アフストイの屋敷に転移したのはいいものの。

「あっおまえら!」

強欲のアーヤが送り込んできた勇者志願者が待ち構えていた。
「なんとか悪魔と交渉して七罪の屋敷に来たら、屋敷は空っぽ。アンタが七罪だったのか!」
リーダー格の槍使いの女がアフストイに向かって叫ぶ。
「悪魔狩りも相変わらず一緒なわけね。アーヤ陛下への反逆の意志ありってことか?」
弓使い若い男がイブナクにきつい視線を向けた。

「話を聞いて。
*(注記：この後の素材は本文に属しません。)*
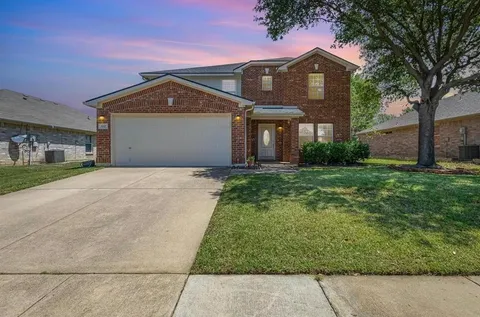 $525,000 | 512 Darlene Trail, Euless, TX 76039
」
イブナクは静かに、しかしよく通る声で勇者志願者達に話しかける。
「僕がこの悪魔たちと行動しているのだって、アーヤ陛下からの命令。」
「悪魔狩りを送っておきながらわざわざわたしたちをまた送り込むというの?なんか矛盾してない?」
リーダー格の槍使いは攻撃的だ。

『ちょ、この状態でさらに戦闘はまずいだろ。』
ライアスが念話で4人に話しかける。
『私達も重傷だし、スノー殿もそれは同じだし…』
アフストイが念話で応じる。
『唯一被害が少ないのはドリウスくらい…?』
『やだよもー。なんとか口八丁で追い払っちゃってよ。』
ドリウスは即答で嫌がった。

一応念話が聞こえていたイブナクは、正直にイブナクに下された命令を話す。
「僕の役目は、斥候。ライアスも、血の契約と引換に魔界の情報の詳細を報告することを要求されてる。」
「私たちは七罪を倒してこいって言われてる。そこをどいて。」

悪魔狩りの装備とは正反対の真っ白な装束の団体がアフストイを目がけて構える。
「わたしも七罪の憤怒なんだけど。」
突然、スノーが勇者志願者たちに話しかける。
「七罪2人に上級悪魔2人は厳しいわよ?」

「っていうかさ…、人間には、わからないのか。」
ドリウスが突然つぶやいた。
「おまえらに命令を下したアーヤこそ、七罪。強欲のアーヤなわけだが。」

呆然とする勇者志願者たち。
「え…でも…そんな…?!」
ざわざわと騒ぎ出す勇者志願者たち。

その様子を見かねたイブナクが提案する。
「これは人間界に戻って、アーヤ陛下の御前で話をしたほうがいいかも。」
ライアス側は概ね賛同するといった表情をしている。
「そうだ!人間界へ行こう!」
ドリウスはそう言い、ゲートの魔法の詠唱を始める。

「ちょ、ドリウス君、そこはこっちの文言使ったほうが効率がよくて…。」
アフストイにダメ出しをされながらも、ドリウスの転移の魔法は発動した。
ライアス達5人と勇者志願者達は、その場から消えた。